Joe Stephens  SP4, USA  AFRS Part-time  1963-64

178th Signal Company, 39th Signal Battalion

        While serving time at Headquarters &  Headquarters Company of the 39th Signal Battalion, I met PFC Jack Dobbs, USA, San Diego, CA., and later, SP4 - SGT - then SSGT who was working a communications van at the edge of the 39th compound near the airhead [Tan Son Nhut Air Base?] just outside Saigon.  He was doing tape to tape transfer for General Stillwell and others.  That's why he got from PFC to SSGT in just a little over eighteen months.  Well, Jack would record lots of the off-air broadcasts for the folks, who would then send them home.  I have one for June 14, 1964--[featuring] SP4 Brian Faulkner on his last day on the air.  He was to return to the U.S. that following week and command allowed on-air personnel seven days to "redeploy."


        August 1964 was my time to "redeply" to Tobyhanna Army Depot, Tobyhanna, PA.  Anyway, CPT John Carr, USA, was with Signal Supply at the time, he had just got there.  General Westmoreland got word of the Captain who in private live had, owned and managed, a radio station in Tennessee and appointed him to head ARFS-Saigon.  About six months before that I was in Hue (the old capitol of Vietnam), and AFRS could not be received there.  In-country repeaters were used and Hue, being in and on the other side of the mountains. was not a good place to get AFRS.

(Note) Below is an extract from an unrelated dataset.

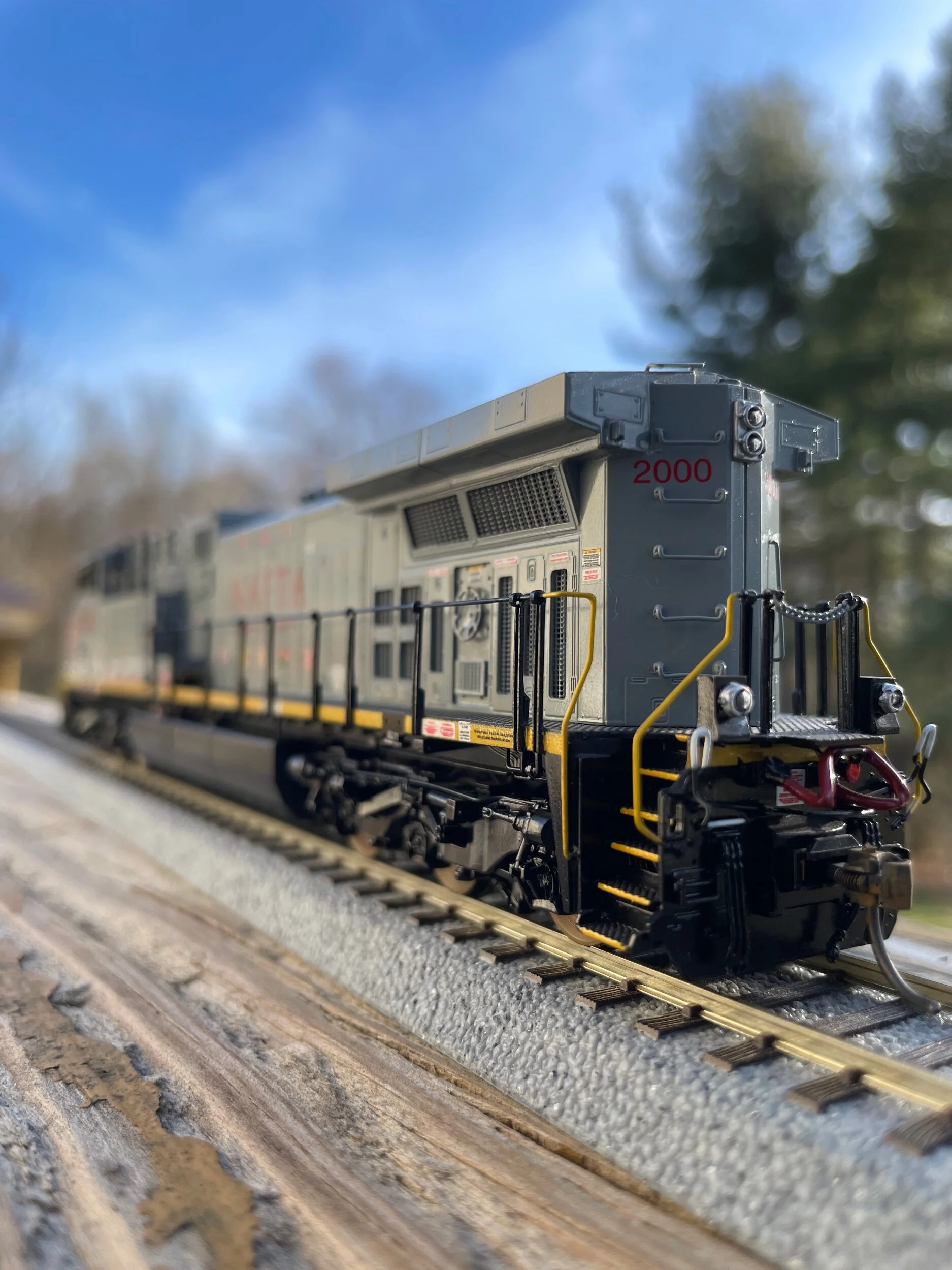 FFA8BA49-38D1-4354-993E-48B7A631EF5C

        I got moved down to the Saigon area and worked as an editor in Signal Supply (later Chief Editor for the Consolidated Supply Depot) and would go over to the Brink Hotel where the studios were housed.  There CPT Carr would allow me to look at and edit--part time, mostly weekends--the news from "home" and around the world.  No news about Vietnam or the area was not allowed on the air.  Senior command personnel had their families with them so on air announcments would be made to have the family pet taken to get its shots, etc.  Schools had been set up for the American dependants on base so on-air announcments were made about up coming dances, school events, etc.   The reason for this was that life was to go on as if we were all back in the States.


        Former General Paul D. Harkins, Military Assistance Advisory Group (MAAG) to which I was a part, allowed the command staff of AFRS to run it as if it was "on base."  So the uniform of the day was Class-A for on air staff, and "management" and fatigues for everyone else.  Anyway Westmoreland let CPT Carr set a causal dress code.  But, General Joseph Stillwell Jr. just raised hell about the AFRS the "uniform" (nave blue sharkskin trousers with silk white shirts and a blue embroidered (RCA44) microphone (RCA) with "AFRS" over it on the pocket.  These were designed and purchased by the AFRS staff .  Stillwell said "Damn people are soldiers,  not civilians."  The broadcast format also changed under CPT Carr--he allowed the playing of more rock and roll, but it had to come from the AFRS platters.  No personal music or anything else that did not come from AFRS-CONUS was permitted.  Jack Dobb, while he did receive material from RCA, Decca, ABC, etc., mostly on 7" reel with a few 10" reels tapes, was not permitted to cut copies to AFRS-Saigon.  But he did cut them for the "troops" and that included lots for the guys at AFRS who wanted to keep up on what else was going on.


        While a lot may be said about things in Vietnam, in the early 1960s those in the Saigon area worked 9-5 with weekends off while those in the field worked 24/7 just to stay alive.  $600.00 was the normal fee for a head (our heads)  and more for the Special Forces.  While I was in the Army there were 800 [Special Forces?] in Saigon alone with another 400 serving in the field. The Navy had leased most of the hotels in Saigon for their personnel, the Air Force had permanent quarters at the Airhead while those of us at the 39th lived in tents even though we gotten "in country" some two years before the AF got there.  Seven Marines worked the Embassy and RVN soldiers worked compound security.  Henry Cabot Lodge, Jr. was the Ambassador, he and his wife would take walks around Saigon, WITHOUT an armed escort and even used a Vietnamsse driver when their American driver was off duty--mostly on weekends.  I'll see if I can find the tapes and cut you some copies if you wish.


         Joe Stephens

[NB:  The above has been partially edited by the Webmaster.]